▸ **PROBLEM STATEMENT**:
Beginning with the line that contains "Recorded: cf.", reproduce the remaining lines of the material exactly, up to and including the last one, but no pictures.

▸ **DATA FOR THIS TASK**:
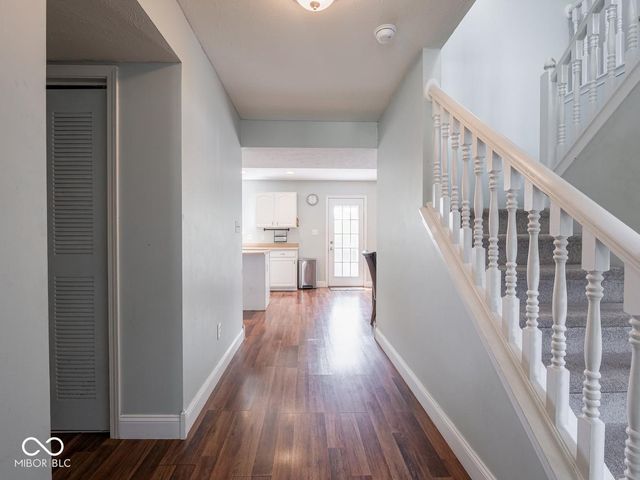 7611 Penguin Circle, Indianapolis, IN 46239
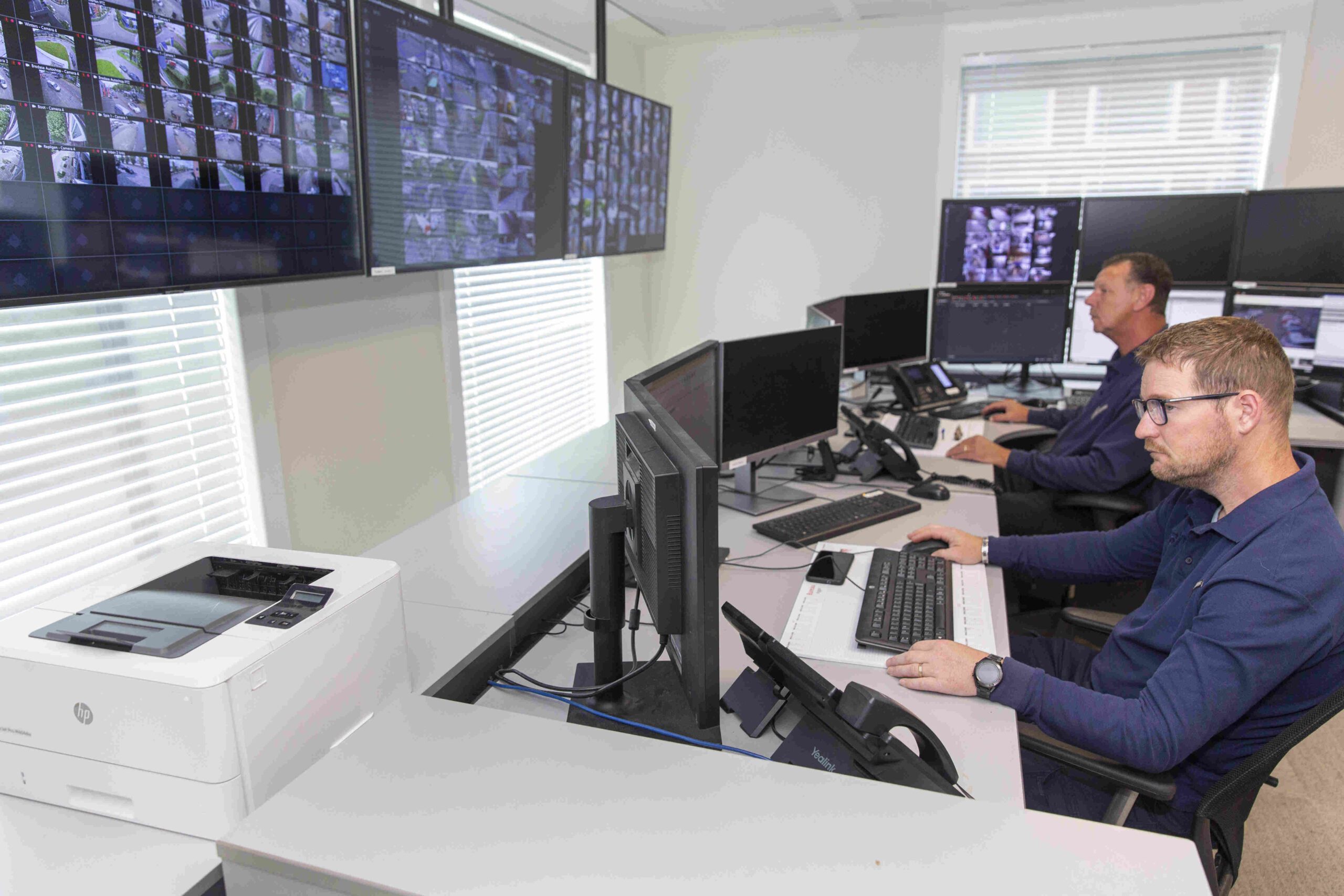 Centralisten aan het werk in de alarmcentrale van EBN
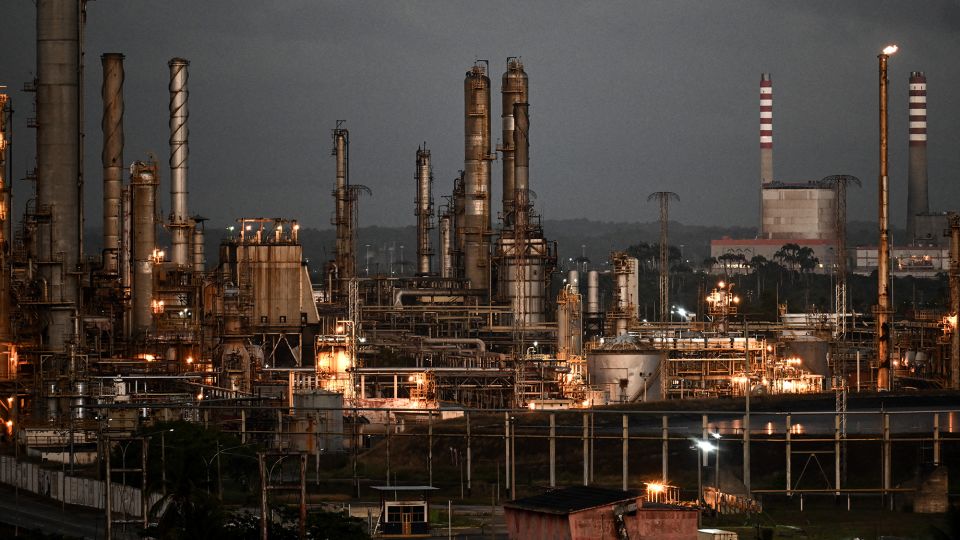 Venezuelan oil is key to Trump’s Russia plan. There’s a problem with that<br>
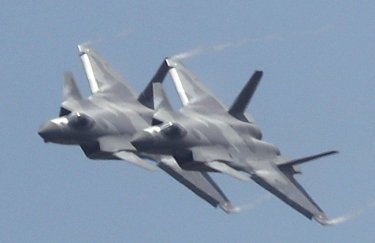 В Китае показали истребители пятого поколения J-20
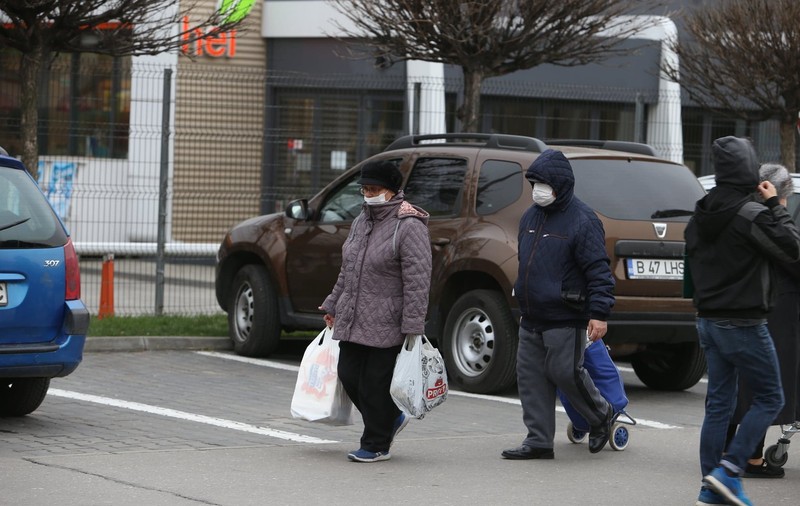 Mega Image preia non-stop comenzile de la persoanele peste 65 de ani, la o linie telefonică specială. Produsele vor fi livrate de voluntarii ONG-urilor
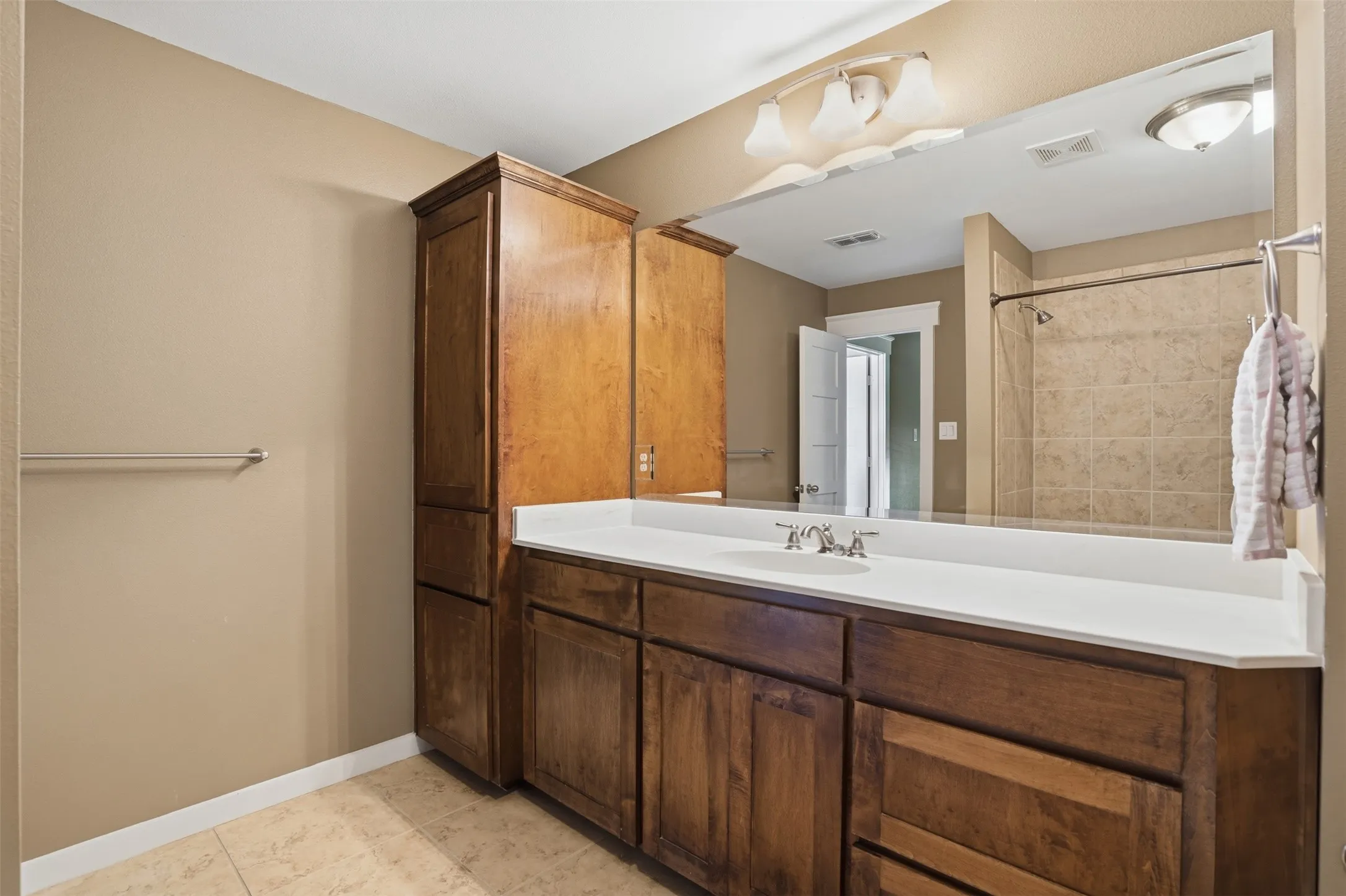 Single Family Residence For Sale in Tarrant County , 2341 Alston Avenue, Fort Worth, Texas 76110, 4 Bedroom, 3 Bathroom, 2 Garage spaces, 2,343 Sqft, built in 2010, mls#21382934, Real Estate Agent in Fort Worth, Homes For Sale in Tarrant county, Homes For Sale in Fort Worth, Realtor in Fort Worth Texas, Real Estate Brokerage Independent Realty Texas, Luminita Cordes Realtor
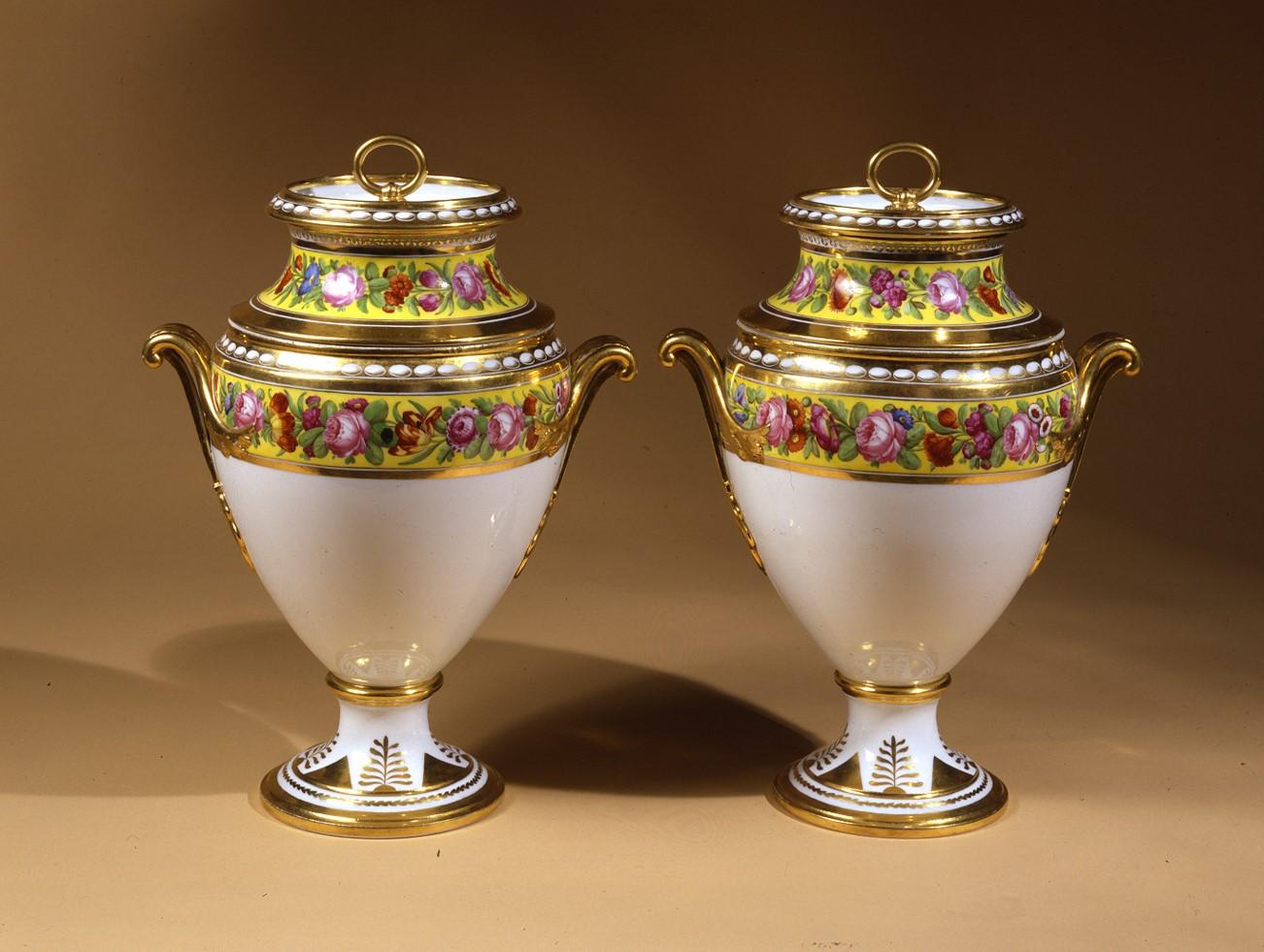 Darte Frères, Paris, made, circa 1820.
Porcelain, partially painted and gilded.
Measures: 14 1/4 in. high, 10 3/8 in. wide (through the handles), 7 3/4 in. deep.
Signed (with stencil, in black, on the bottom of each): Darte. f.

Recorded: cf.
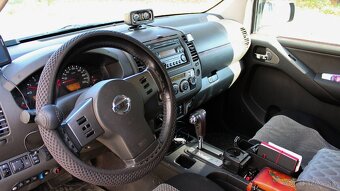 Nissan Navara 2.5 Automat, 128kW - 9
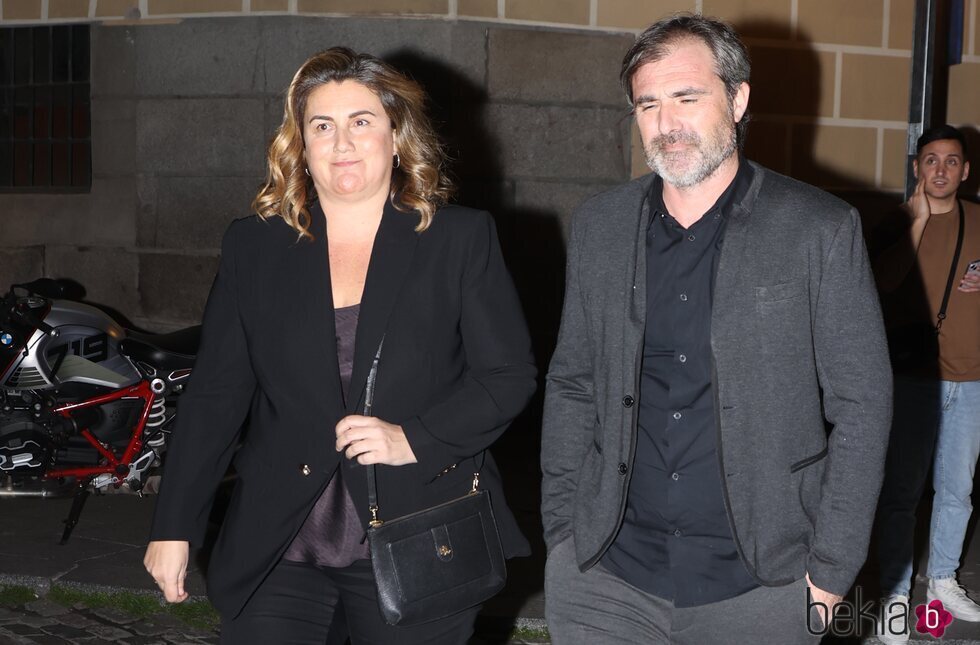 Carlota Corredera y su marido en el funeral de la madre de Joaquín Torres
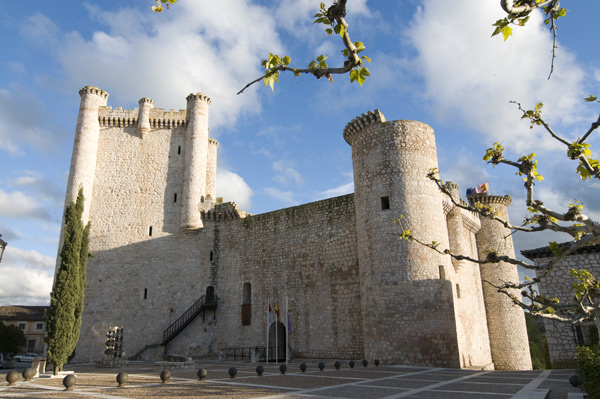 La III ruta motera ‘Camino del Cid’ mantiene como referencia el Centro de Interpretación Turística del castillo de Torija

▸ **WRITTEN RESPONSE**:
Recorded: cf.
 Nissan Navara 2.5 Automat, 128kW - 9
 Carlota Corredera y su marido en el funeral de la madre de Joaquín Torres
 La III ruta motera ‘Camino del Cid’ mantiene como referencia el Centro de Interpretación Turística del castillo de Torija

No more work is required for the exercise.